→ ASSIGNMENT: Would you please repeat all of the data exactly, omitting the pictures?
***** DATA BLOCK *****
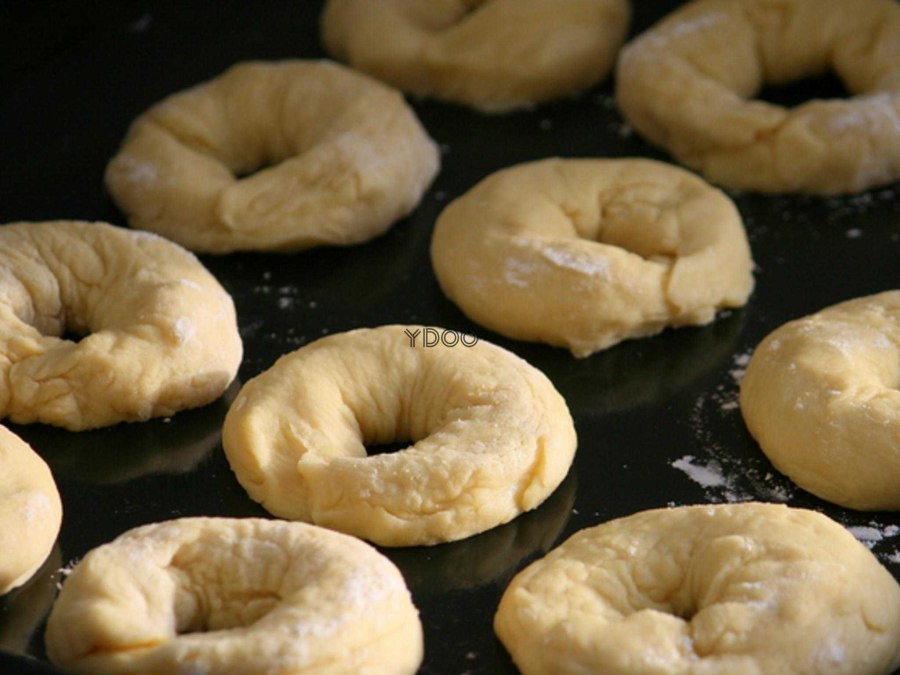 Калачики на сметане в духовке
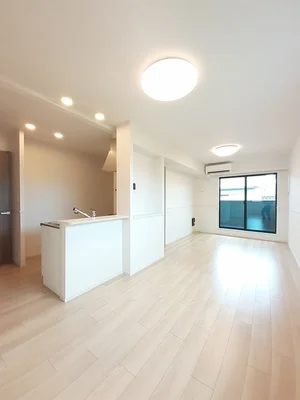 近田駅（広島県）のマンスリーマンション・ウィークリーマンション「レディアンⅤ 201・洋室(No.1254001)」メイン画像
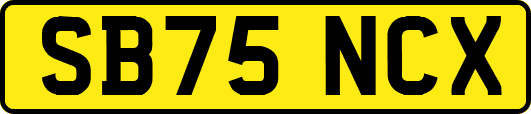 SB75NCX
*****
→ ANSWER SECTION:
 Калачики на сметане в духовке
 近田駅（広島県）のマンスリーマンション・ウィークリーマンション「レディアンⅤ 201・洋室(No.1254001)」メイン画像
 SB75NCX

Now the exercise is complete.